Nüfusu neredeyse hep gençlerden oluşan Mauritius’ta okur-yazar oranı %90 civarında. Hint ve Afrika kültürünün bir arada yaşadığı Mauritius’un Cumhuriyet rejimine geçişi ise 1992 yılında yapılan seçimle gerçekleşmiştir.
Balayı çiftlerin, sevgililerin ve deniz aşığı insanların ilk tercihleri arasına giren Ada’nın uzun yıllar sömürge altında kalmasından dolayı, halkında İngilizce ve Fransızca dillerinin hakimiyetini görebilirsiniz…
Hollanda, İngiliz ve Fransızların sömürüsüne uğramış ülkede trafik akışı soldan sağlanıyor.
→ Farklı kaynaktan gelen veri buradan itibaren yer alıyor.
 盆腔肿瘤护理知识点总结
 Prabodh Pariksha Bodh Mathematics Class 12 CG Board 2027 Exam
Adayı araç kiralayarak ya da halk otobüslerini kullanarak gezmek mümkün…
Gelin Hint Okyanusu'nun kalbindeki bu cennet yeri birlikte tanıyalım:
CAUDAN WATERFRONT RIHTIMDA ŞIK AVM'LER
Lüks yatların demir attığı rıhtımdaki binaların estetik mimarisi dikkati çekiyor.Kordonda çok şık alışverış mağazalar, restoranlar ve cafelerin olduğu bölümde eski bir binada ilginç bir müze bulunuyor:
- Blue Penny Müzesi. Dünyada çok az yerde karşınıza çıkabilecek türden bir pul müzesi.
- Rıhtımda açık havada eserlerini sergileyen tahta oymacılık ustası P.E.M Philippe Edwin Marie, yoksulluk ve acılarla geçen çocukluğunu odunlara adeta nakşetmiş.
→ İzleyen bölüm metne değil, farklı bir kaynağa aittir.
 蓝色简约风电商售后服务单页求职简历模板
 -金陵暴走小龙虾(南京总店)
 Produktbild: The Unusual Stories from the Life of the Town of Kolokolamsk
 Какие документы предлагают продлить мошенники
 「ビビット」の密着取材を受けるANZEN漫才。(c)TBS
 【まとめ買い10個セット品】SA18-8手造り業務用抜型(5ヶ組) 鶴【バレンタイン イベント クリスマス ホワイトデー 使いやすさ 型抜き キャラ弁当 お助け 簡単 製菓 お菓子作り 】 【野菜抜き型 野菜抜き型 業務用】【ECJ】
Şehir merkezinde ayrıca; Central Market (Merkez Market) adında tropikal sebze, meyve, giyecek ve hediyelik objeler satın alabileceğiniz kapalı bir çarşı da bulunmakta…
PRENS MAURİTS’İN ADI ÜLKENİN İSMİ OLMUŞ
Mauritius ismi bir insanın soyadından ya da adından gelen nadir ülkelerden birisi. Hollanda zamanında adanın yönetimini elinde bulunduran Prens Maurits van Nassau’dan geliyor adanın isminin kökeni. Daha sonra İngiliz sömürge döneminde adı Mauritius olmuş.
Mauritius değişik bir ülke, bir ünvanı da komşuları ile yürüttüğü barışçıl politikadan geliyor. Mauritius 2017 yılında Global Peace Index’de; devam eden uluslararası ya da iç çatışmalara katılımı olmayan ve komşu ülkelerle gerilimi olmayan, dünyada sadece dört ülkeden biri olarak seçilmiş. Diğerleri ise Botsvana, Şili ve Uruguay. Belki de bu yüzden Mauritius’un ordusu da bulunmuyor.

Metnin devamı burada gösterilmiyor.